> _WHAT TO PRODUCE_
Your answer must consist solely of the lines from the start of the entries below through the line with "Nike Dunk High Pure Platinum Sz 10.5 (DS)", unchanged.

> _RECORDS SHOWN_
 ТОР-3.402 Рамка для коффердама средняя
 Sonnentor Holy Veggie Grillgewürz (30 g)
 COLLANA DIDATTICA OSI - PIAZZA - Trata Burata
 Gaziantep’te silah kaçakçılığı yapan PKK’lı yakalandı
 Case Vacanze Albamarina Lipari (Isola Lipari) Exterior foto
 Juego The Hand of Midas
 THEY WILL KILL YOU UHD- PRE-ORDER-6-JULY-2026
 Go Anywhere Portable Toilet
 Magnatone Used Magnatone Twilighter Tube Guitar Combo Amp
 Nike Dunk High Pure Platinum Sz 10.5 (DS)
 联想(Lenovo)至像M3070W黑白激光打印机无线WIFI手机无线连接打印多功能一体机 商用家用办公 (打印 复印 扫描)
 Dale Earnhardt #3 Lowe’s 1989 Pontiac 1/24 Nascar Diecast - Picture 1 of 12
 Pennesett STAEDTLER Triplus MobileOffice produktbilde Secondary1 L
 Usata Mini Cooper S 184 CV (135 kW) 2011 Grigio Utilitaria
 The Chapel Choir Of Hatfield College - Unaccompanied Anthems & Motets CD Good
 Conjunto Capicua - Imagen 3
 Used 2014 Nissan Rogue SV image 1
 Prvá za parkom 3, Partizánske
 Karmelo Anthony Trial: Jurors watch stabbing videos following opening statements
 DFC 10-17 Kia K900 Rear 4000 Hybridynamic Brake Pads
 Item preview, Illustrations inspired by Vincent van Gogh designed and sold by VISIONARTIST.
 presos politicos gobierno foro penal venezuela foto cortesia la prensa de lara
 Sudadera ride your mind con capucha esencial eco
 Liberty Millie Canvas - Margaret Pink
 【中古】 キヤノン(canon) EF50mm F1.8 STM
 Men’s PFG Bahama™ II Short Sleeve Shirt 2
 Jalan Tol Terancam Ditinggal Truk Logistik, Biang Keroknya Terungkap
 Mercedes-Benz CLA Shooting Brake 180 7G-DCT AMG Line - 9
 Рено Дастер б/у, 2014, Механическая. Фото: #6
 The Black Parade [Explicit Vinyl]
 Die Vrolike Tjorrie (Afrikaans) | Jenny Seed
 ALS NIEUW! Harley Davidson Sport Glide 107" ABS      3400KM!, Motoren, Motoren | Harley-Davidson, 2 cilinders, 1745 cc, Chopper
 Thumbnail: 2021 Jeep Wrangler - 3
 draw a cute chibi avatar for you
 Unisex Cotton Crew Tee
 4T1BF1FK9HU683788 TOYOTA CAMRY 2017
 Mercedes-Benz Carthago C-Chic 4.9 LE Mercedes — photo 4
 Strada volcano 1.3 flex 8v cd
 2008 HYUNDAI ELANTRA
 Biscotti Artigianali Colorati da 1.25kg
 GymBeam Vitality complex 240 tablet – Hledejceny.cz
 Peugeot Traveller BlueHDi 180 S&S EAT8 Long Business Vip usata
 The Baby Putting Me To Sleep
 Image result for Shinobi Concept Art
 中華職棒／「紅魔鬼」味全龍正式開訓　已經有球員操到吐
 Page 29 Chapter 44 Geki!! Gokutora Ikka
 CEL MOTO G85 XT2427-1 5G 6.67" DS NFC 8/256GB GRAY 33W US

> _ANSWER TO THIS TASK_
 ТОР-3.402 Рамка для коффердама средняя
 Sonnentor Holy Veggie Grillgewürz (30 g)
 COLLANA DIDATTICA OSI - PIAZZA - Trata Burata
 Gaziantep’te silah kaçakçılığı yapan PKK’lı yakalandı
 Case Vacanze Albamarina Lipari (Isola Lipari) Exterior foto
 Juego The Hand of Midas
 THEY WILL KILL YOU UHD- PRE-ORDER-6-JULY-2026
 Go Anywhere Portable Toilet
 Magnatone Used Magnatone Twilighter Tube Guitar Combo Amp
 Nike Dunk High Pure Platinum Sz 10.5 (DS)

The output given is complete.